In systems like these… data synthesis is a necessity for developing useful AI.
In such systems, collecting sufficient real-world measurement data to coax robust and accurate performance out of data-hungry machine learning algorithms is often impractical or unaffordable. As an example, in one recent project, Transcend Engineering used a base set of real laboratory instrument response to 63 carefully prepared laboratory samples, from which we synthesized 60,000 HPLC chromatograms representing exhaustive combinations of compounds and concentrations — all while faithfully representing other sources of variation in instrument response, too. Synthesizing these data saved $10M in laboratory analytical costs, not including sample preparation.

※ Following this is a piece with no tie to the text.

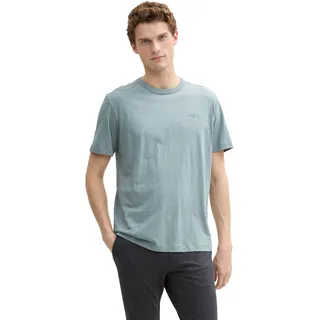 T-Shirt TOM TAILOR, Herren, Gr. XL, grau (grau mint), Single Jersey, Obermaterial: 100% Baumwolle, unifarben, regular fit taillenbedeckt, Rundhals, gerader Abschluss, Shirts T-Shirt, mit Logo Stickerei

For another project, using process-based models validated against real-world data, we simulated tens of thousands of scenarios that represented myriad soil types, numerous irrigation schedules, and seasonally and diurnally variable root water uptake rates. It’s hard to fathom the size, complexity, and cost of a field campaign that would generate the range and diversity of data we produced in this synthesized ensemble. The finishing touch will be simulating how existing sensors, with known response characteristics, report the soil moisture data.

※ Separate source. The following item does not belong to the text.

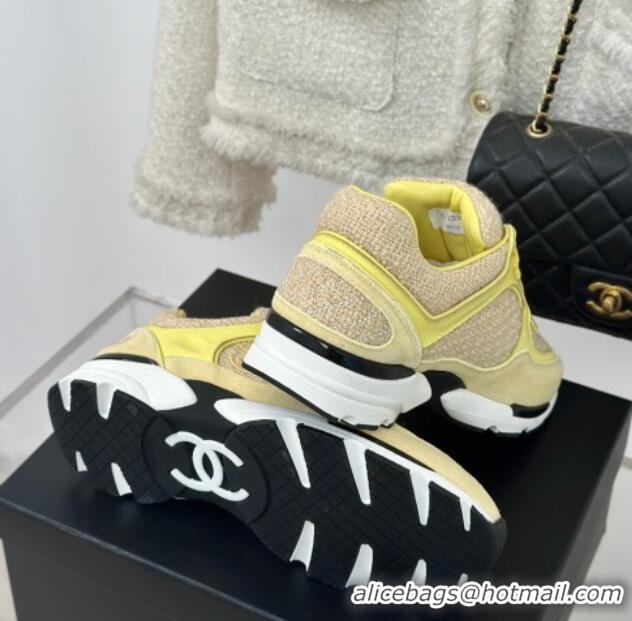 Best Price Chanel Wool Tweed, Calfskin & Suede Sneakers Yellow 7230059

In systems like these, particularly those involving soils, hydrology, or chemistry, data synthesis is a necessity for developing useful AI. To summarize, data synthesis for physical data science must include:
- Use of validated physics-based models (or empirically obtained basis functions) to represent the fundamental physical processes involved,
- Probability distributions of model inputs that are faithful to distributions observed in the real world,
- Deterministic and probabilistic additions of noise and uncertainty where chaotic processes, heterogeneous environments, or sensors are involved.
For best quality, you should also design your objective functions in a manner that causes the accuracy of your trained ML model to be greatest where it matters most to the decision that it will support and, conversely, to concentrate any remaining inaccuracy where it matters least to the decision being supported.
My team began its transition into AI three years ago, leveraging prior experience with physics-based modeling, characterization of sensor performance, and quantification of noise and uncertainty, to create vast synthetic data sets for advanced ML applied to physical systems. We’ve developed cloud-scalable data processes, analyses, and synthesis pipelines that evaluate, characterize, and amplify real-world. Respecting observed input distributions, known physics, and authentic representations of real-world messiness and imperfection, these tools meticulously produce physical realism and full-range variability in the data we use to train robust, advanced machine intelligence. These are the tools that are necessary to drive physical data science.
From soil breathing to vehicle suspensions, chemical analysis to irrigation efficiency, our diverse physical applications all share this feature. It’s exciting stuff, and we enjoy doing it.